Mentre scrivo queste righe, sono le 9,30 del 21 giugno del 2025, il nostro “ospite” nigeriano, quello che vive sul Corso e che, da mesi, con una certa disinvoltura, ci prende per il culo tutti, mi si perdoni l’eleganza, ma il primo dovere di un cronista è la verità, e la verità questa è, è di nuovo seduto su un sedile del Teramo - Roma, in viaggio - ancora una volta - verso quell’aeroporto che dovrebbe consentirgli di imbarcarsi su un volo per Abuja, capitale della Nigeria.
Dovrebbe.
Personalmente, ci credo almeno quanto credo che la terra sia piatta.

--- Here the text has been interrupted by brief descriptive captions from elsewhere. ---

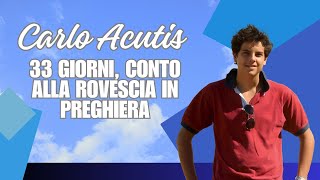 33 Giorni, Conto alla rovescia in preghiera - Giorno 17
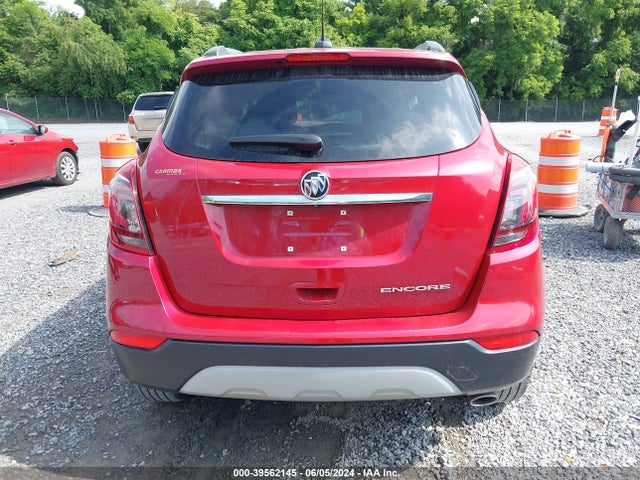 KL4CJASB8KB887654 Buick Encore Fwd Preferred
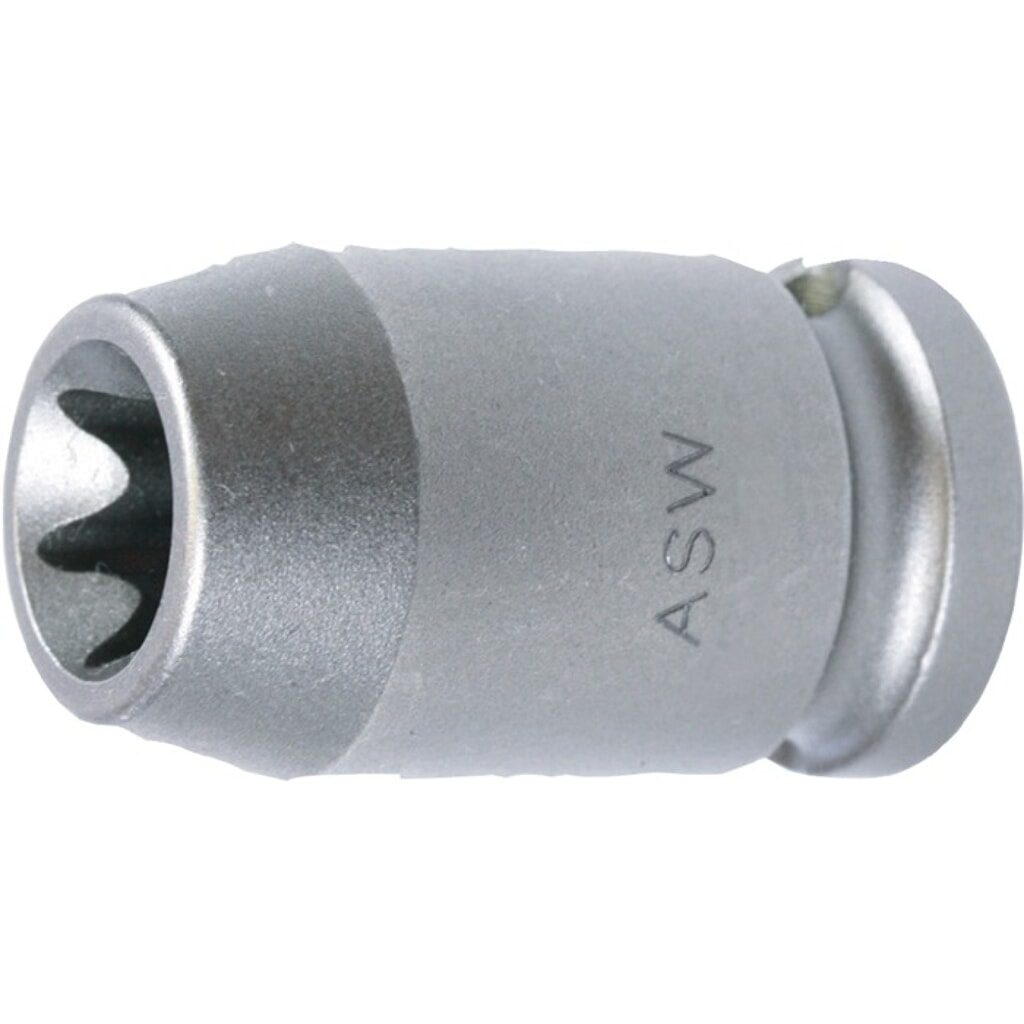 ASW Kraftschraubersteckschlüsseleinsatz 720 E 1/2 Zoll E 12 38mm Produktabbildung: ASW Kraftschraubersteckschlüsseleinsatz 720 E 1/2 Zoll E 12 38mm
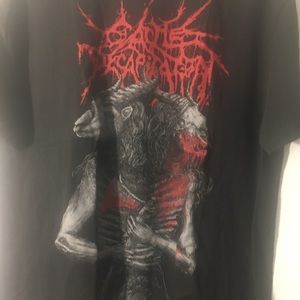 Cattle Decapitation - Metal tee
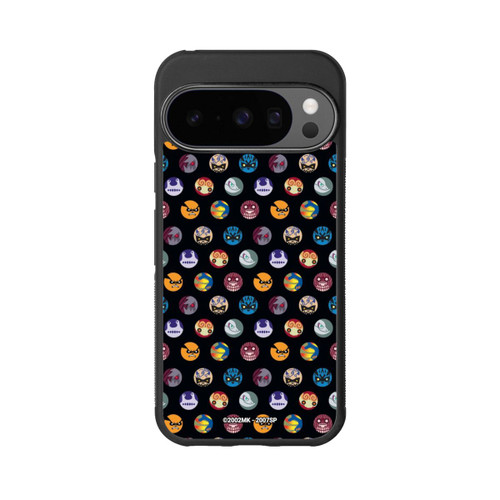 Google Pixel 10 Pro Base Case Bijuu Muster Schwarz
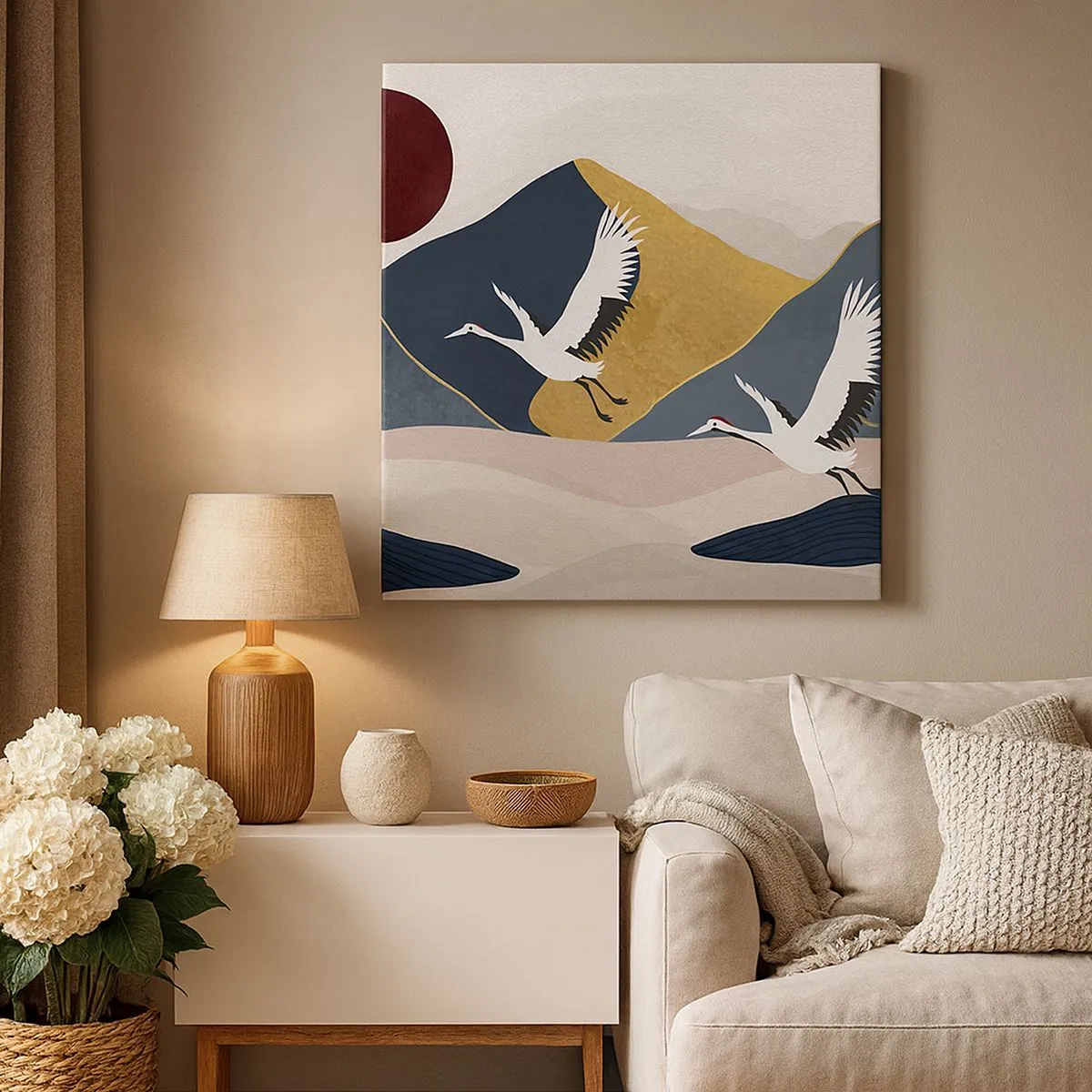 Quadro su tela - Stampe su Tela - E la giornata è nuovamente VOLATA - 30x30 cm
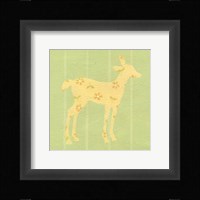 Cottage Cuties I Framed Print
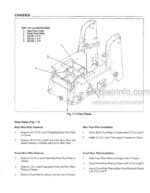 Photo 3 - Gehl SL4510 SL4610 Shop Manual Skid Steer Loader 903931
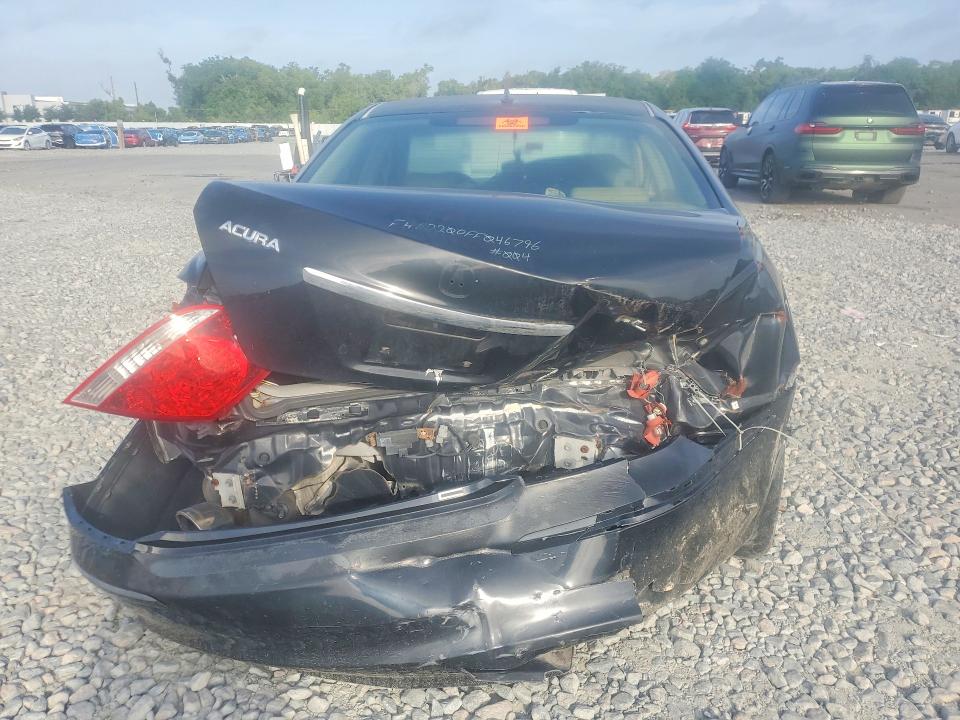 54371086 :رقم المزاد ، JH4KB16528C004099 vin ، 2008 Acura Rl مزاد بيع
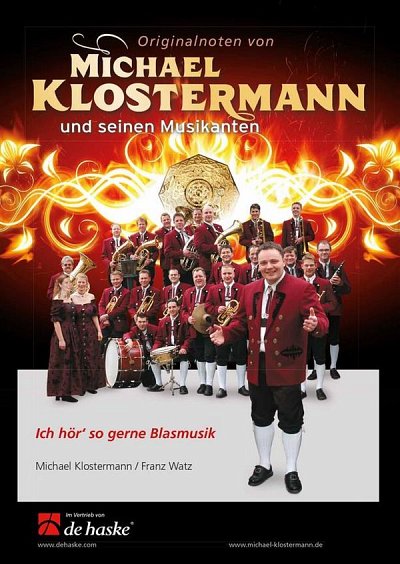 M. Klostermann: Ich hör' so gerne Blasmusik, Blaso (Part.)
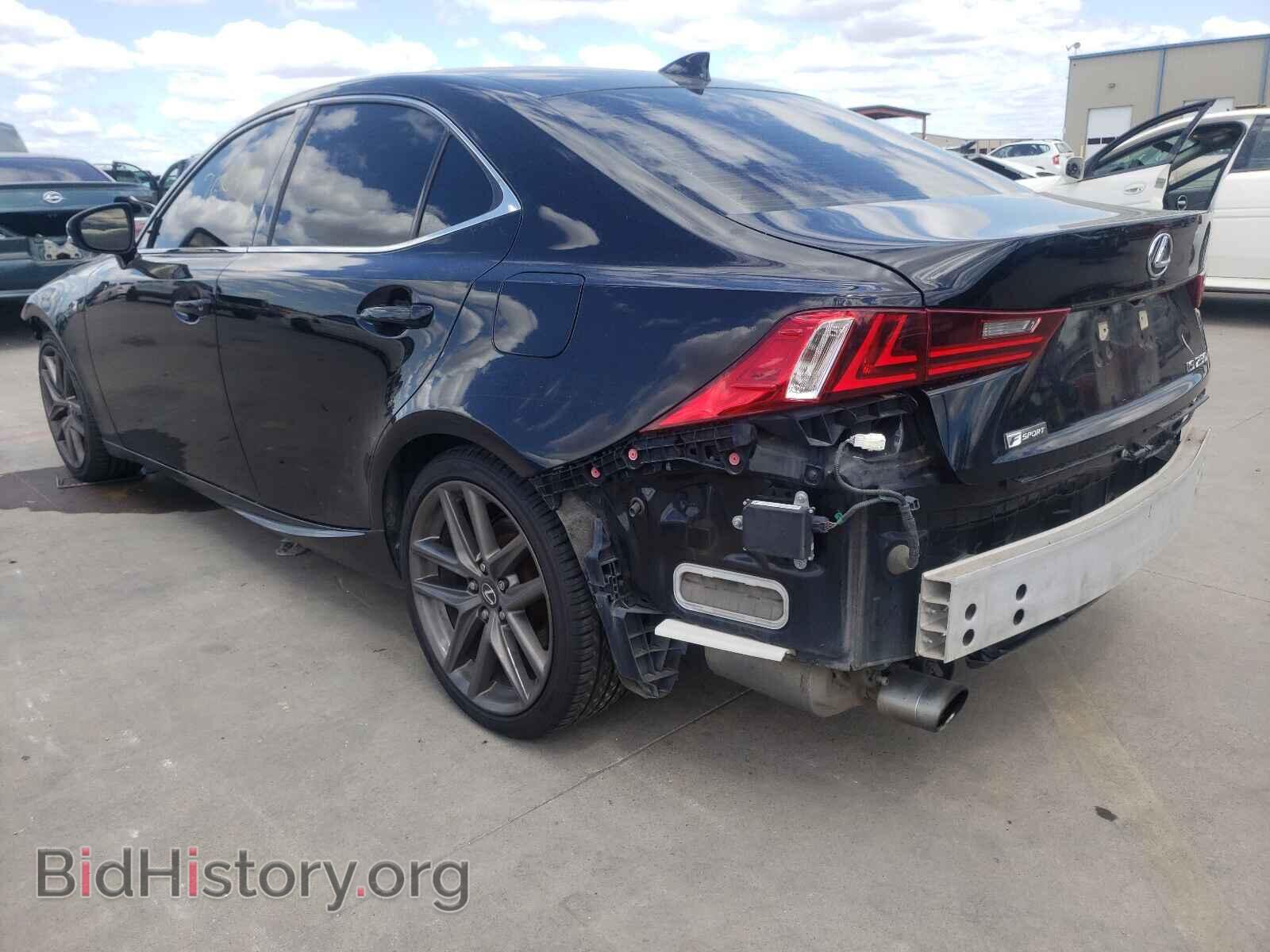 2015 LEXUS IS - VIN: JTHBF1D25F5078468 - Photo 3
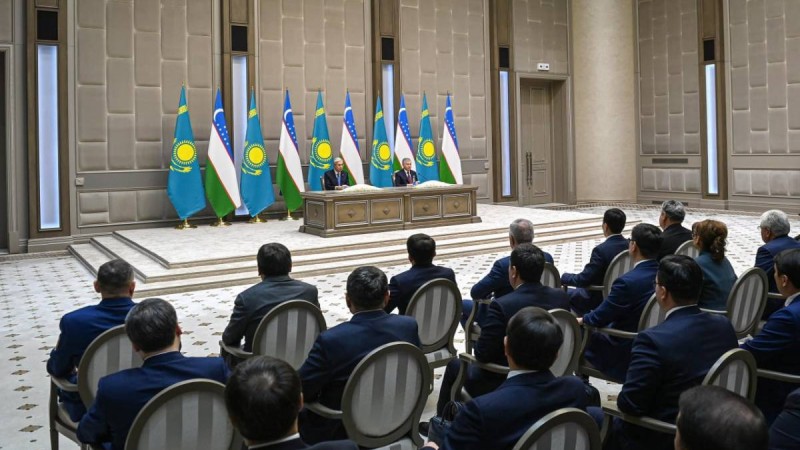 Қасым-Жомарт Тоқаев: «Бірлескен күш-жігеріміз арқылы көгілдір отынды тасымалдау көлемін арттыруға ниеттіміз»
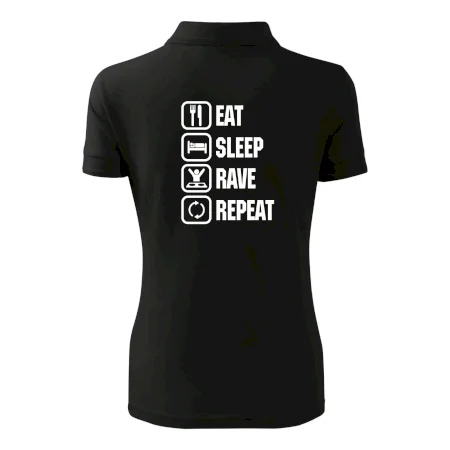 Eat sleep rave repeat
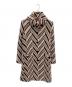 MISSONI（ミッソーニ）の古着「ニットコート」｜ピンク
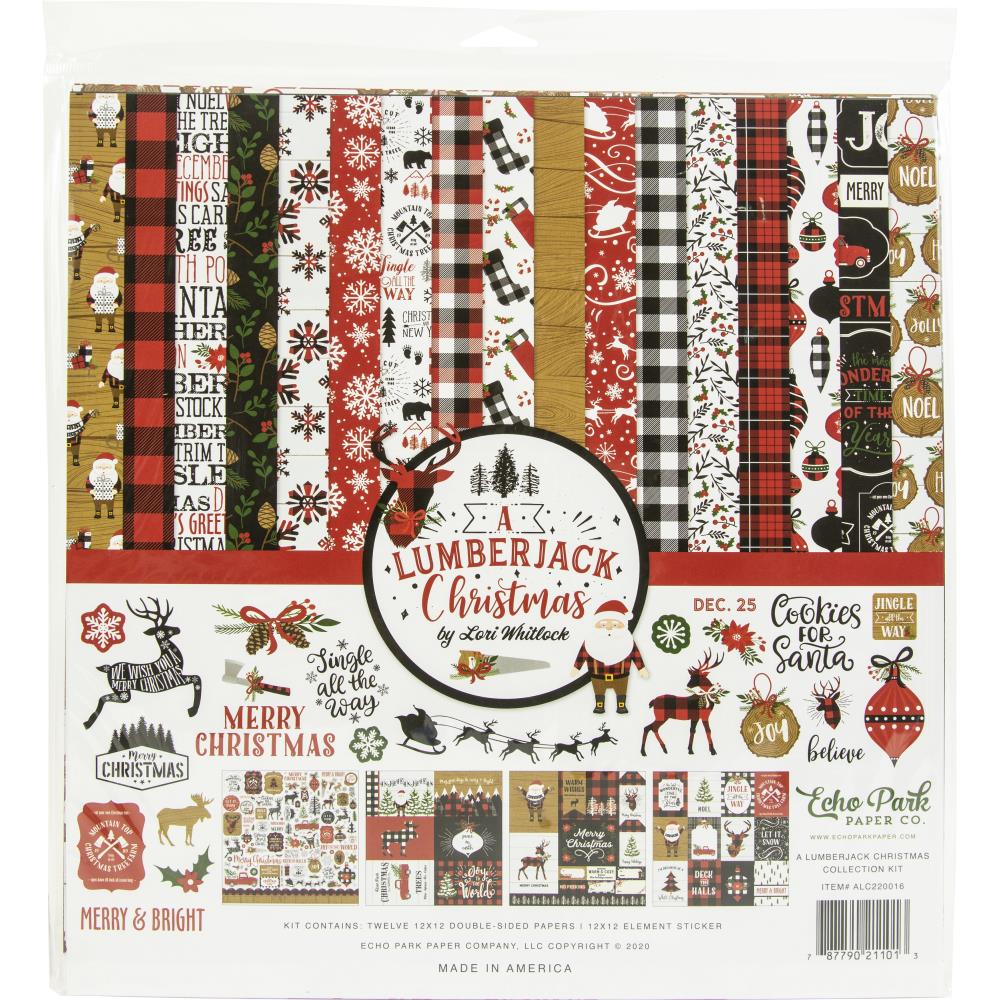 KIT PACK SCRAPBOOK COMPLETO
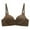 Coffee, variant on Joau Wireless Bras for Women No Underwire Comfort Seamless Supportive Bralettes Push Up Bras Lightly Lift Full Coverage T Shirt Bra Sport Everyday Bra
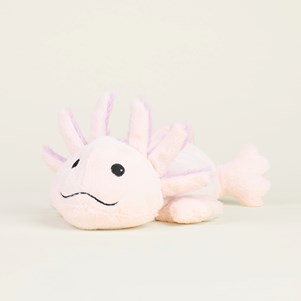 Pink Axolotl Warmies®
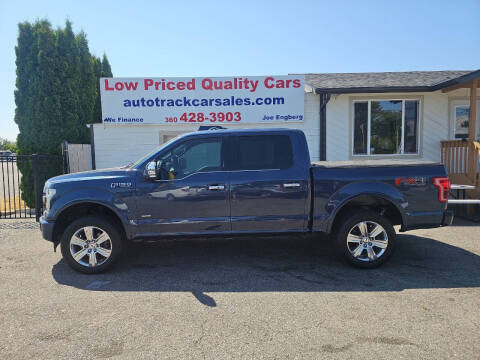 2017 Ford F-150 Platinum 4WD photo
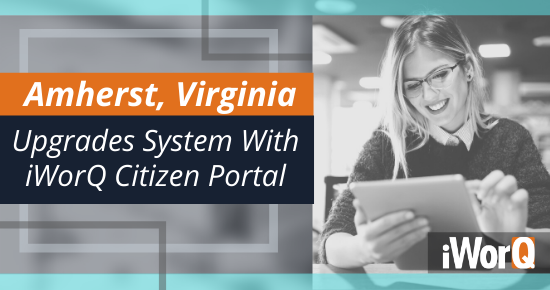 Featured image for “Amherst, Virginia Upgrades System With Citizen Portal”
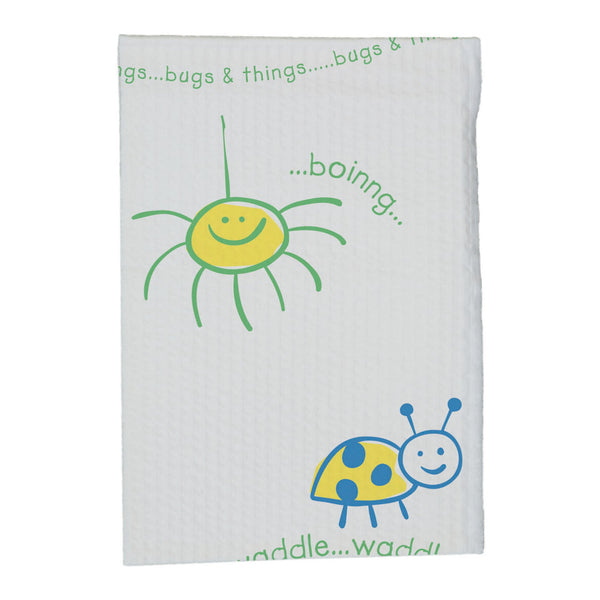 Tidi® Choice Table Paper 14 Inch Width 125 Foot Length Print (Bugs and Things) Crepe (909422_CS) 6/CS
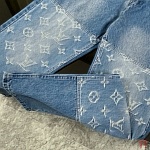 Louis Vuitton Jeans For Men # 285746, cheap Louis Vuitton Jeans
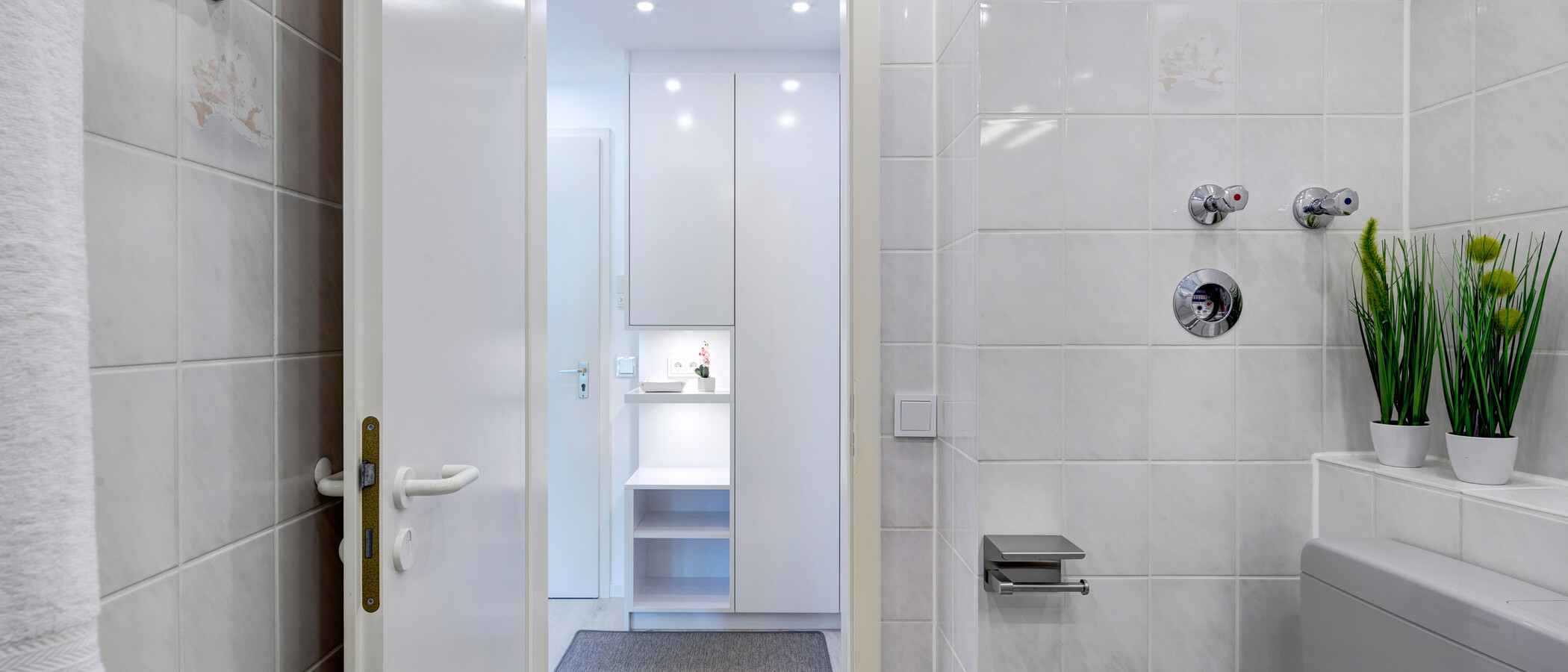 квартира München Pasing 03 ванная комната 12600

Ieri sera, dopo l’ennesimo controllo dei Carabinieri e l’ennesimo intervento del Comune, è stato accompagnato all’Hotel Michelangelo, dove avrebbe dovuto ricevere vitto (solo carne e contorno, perché la pasta non gli piace), e alloggio, ma, anche se è stato visto entrare in hotel, non ha passato la notte lì, ma si è allontanato subito, per ricomparire all’alba di oggi e ricominciare la tiritera, fino all’imbarco sul pullman per Roma.
Ripeto, sarei pronto a scommettere che tornerà, ma nell’attesa vorrei provare a fare un po’ di chiarezza. Su di lui, e sulle responsabilità.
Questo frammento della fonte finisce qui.